# SS 26.06.21 - Glass, L. #3



## Mika (Jul 24, 2009)

A continuation of the Saturday Symphonies Tradition:

Welcome to another weekend of symphonic listening!

For your listening pleasure this weekend:

Louis Glass (1864 - 1936)

Symphony No. 3 D major Op. 30 (Forest Symphony)

I. Moderato - Allegro ma non troppo 
II. Andante con moto, poco allegretto
III. Scherzo: Allegro vivace
IV. Finale: Allegro
---------------------

Post what recording you are going to listen to giving details of Orchestra / Conductor / Chorus / Soloists etc - Enjoy!


----------



## Mika (Jul 24, 2009)

Inspired by recent discussion in here I decided to pick first ever Louis Glass symphony to your enjoyment. I have never listened his symphonies before.
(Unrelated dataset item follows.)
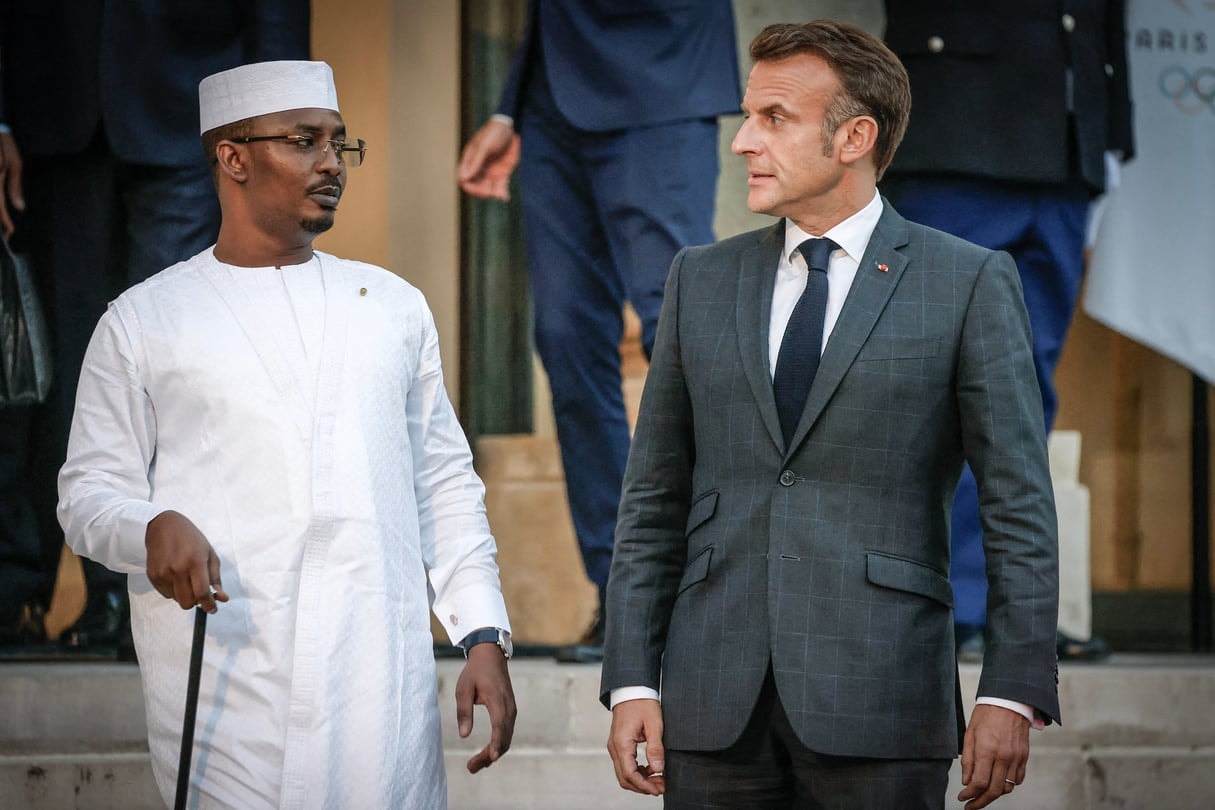 Le président tchadien Mahamat Idriss Déby et son homologue français Emmanuel Macron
The recording I am going to use is this one:







Youtube has at least this one:


----------



## Rogerx (Apr 27, 2018)

Louis Glass: Symphonies Nos. 3 & 6

Plovdiv Philharmonic Orchestra, Nayden Todorov


----------



## Bulldog (Nov 21, 2013)

RogerX stepped on the wrong piece of glass.


----------



## Malx (Jun 18, 2017)

I'll see what I can find on Qobuz.


----------



## Rogerx (Apr 27, 2018)

Bulldog said:


> RogerX stepped on the wrong piece of glass.


Thank you sir, I did change it.


----------



## Art Rock (Nov 28, 2009)

Todorov on Danacord from CD for me.


----------



## cougarjuno (Jul 1, 2012)

Have only recently started listening to Glass. A recent purchase.


----------



## D Smith (Sep 13, 2014)

Raiskin for me, too.



cougarjuno said:


> Have only recently started listening to Glass. A recent purchase.


----------



## Enthusiast (Mar 5, 2016)

I'm also with Raiskin. Very pleasant music that retained my interest throughout.


----------



## Kiki (Aug 15, 2018)

Raiskin too, on Spotify. First encounter with Louis Glass. Conservatively nice. Nothing controversial. Not boring either. Really like the first movement and the scherzo.


----------



## Haydn man (Jan 25, 2014)

cougarjuno said:


> Have only recently started listening to Glass. A recent purchase.


The same version for me via Spotify


----------



## CnC Bartok (Jun 5, 2017)

I like the symphonies of Louis Glass, they are very listenable to, and well-constructed, and I sense he knew his way around an orchestra as well.

I have the Plovdiv PO set, half of them as downloads, and it is probably rather snobbish of me to feel they could be better served, although I have no evidence to support that.

I knew this bloke who was obviously a huge fan of his Fifth symphony. He had big symbols from it all over his bedroom wall.....:angel:


----------



## Radames (Feb 27, 2013)

I got the Todorov recording 20 years ago when it came out. I got all his Glass. Now I'm tempted to try the other recordings. Never thought we would ave much of a choice.


----------